According to them, Knight’s group failed to properly filter out human DNA from their cancer tissue data, leading millions of human sequences to be incorrectly identified as microbial. A separate computational error in the team’s analysis inadvertently generated phantom patterns in the data—resulting in apparent associations between cancer and microbes when there were none, Salzberg and colleagues wrote.

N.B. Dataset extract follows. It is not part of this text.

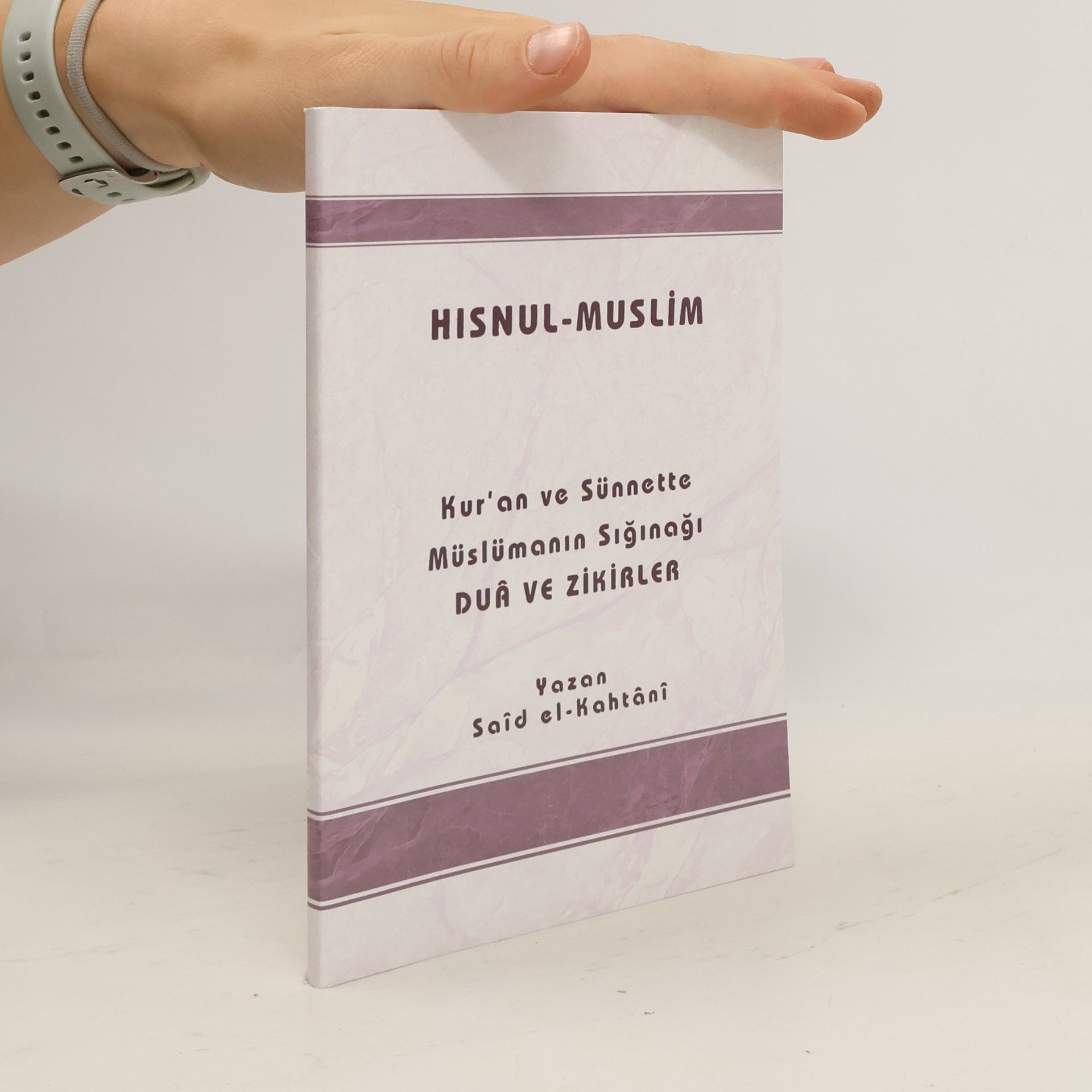 Hisnul-Muslim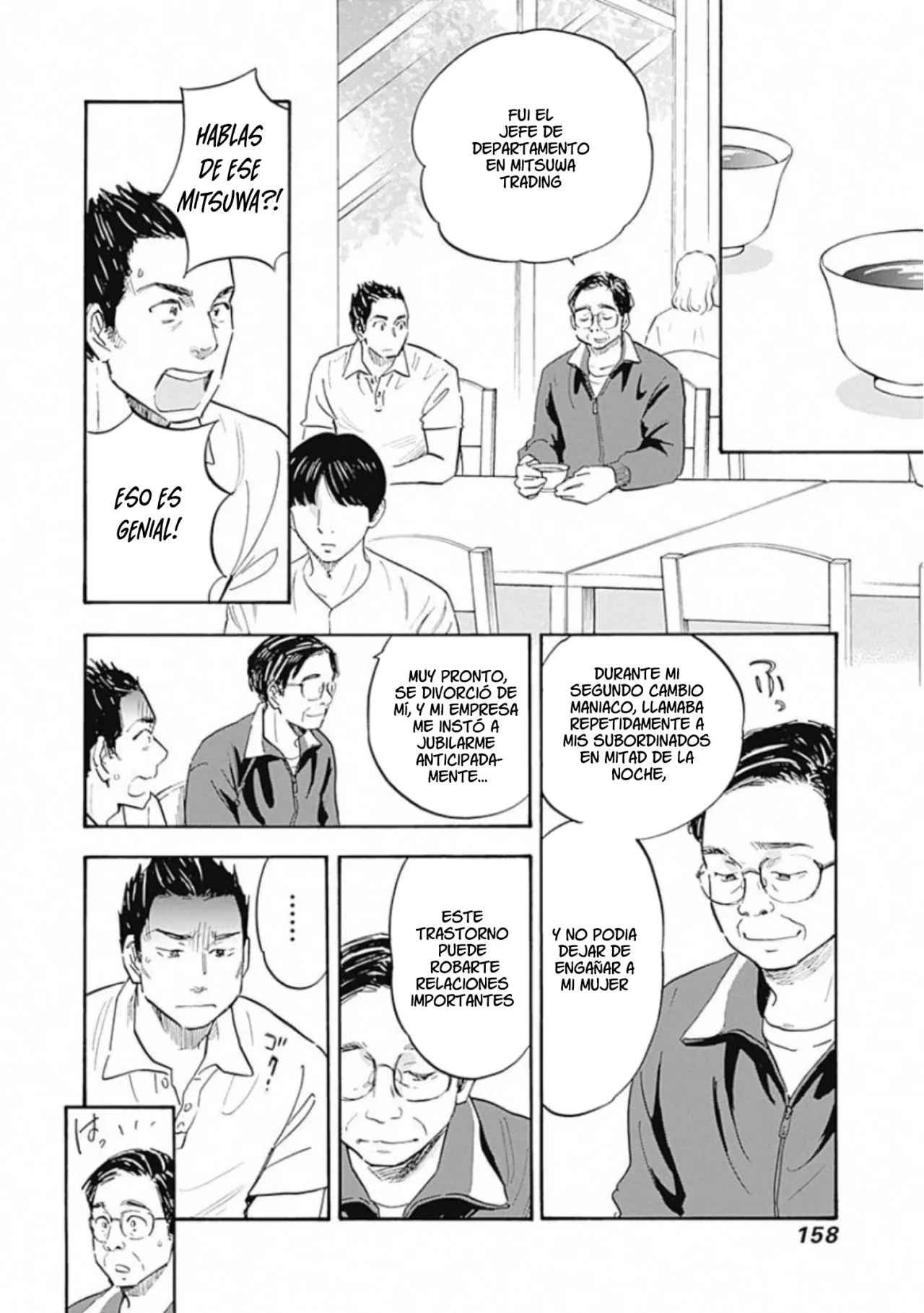 Shrink: Seishinkai Yowai Capítulo 10 - Page 24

At the time, Knight and colleagues rejected the criticisms, which they argued didn’t fundamentally alter the paper’s conclusions. But in February, Nature added a note to the article stating that “concerns have been raised about the data and conclusions presented in this article.” The decision to pull the paper comes after the journal considered additional responses from the authors—including a separate journal article that reanalyzed some of the 2020 paper’s data.
Salzberg says he is pleased with the decision. “Once I realized the problems in the paper, I felt really the only proper response would be to retract.” Other researchers have also reacted positively. “It’s reassuring to see that concerns were taken on board, and the authors have agreed to the retraction,” says bioinformatician and microbiologist Lesley Hoyles of Nottingham Trent University, who was not involved in the work.
The fate of technology built on the findings is uncertain. In 2023, Sandrine Miller-Montgomery, president and CEO of Micronoma at the time, told ScienceInsider the company’s products weren’t affected, and that Micronoma had generated “an independent and proprietary microbial database.” However, the company has not posted news to its website since last year, and Miller-Montgomery stepped down last fall. Her successor, Eddie Adams, posted on social media last month that Micronoma was “selling off a large quantity of scientific equipment” as part of a “laboratory equipment liquidation.” Neither Adams nor the company responded to a request for comment.
Researchers emphasized that the retraction does not invalidate research on cancer microbiomes as a whole. “The outcome should entrench neither the naysayers nor the proponents of tumor microbiomes,” says Ivan Vujkovic-Cvijin, a microbiome scientist at Cedars-Sinai Medical Center.
Still, it’s a cautionary tale about being too uncritical of research using these complex methods, Hoyles suggests. “The microbiome community needs to be open to reassessing research outputs as our understanding of the limitations of different bioinformatics tools and machine-learning approaches evolves,” she says.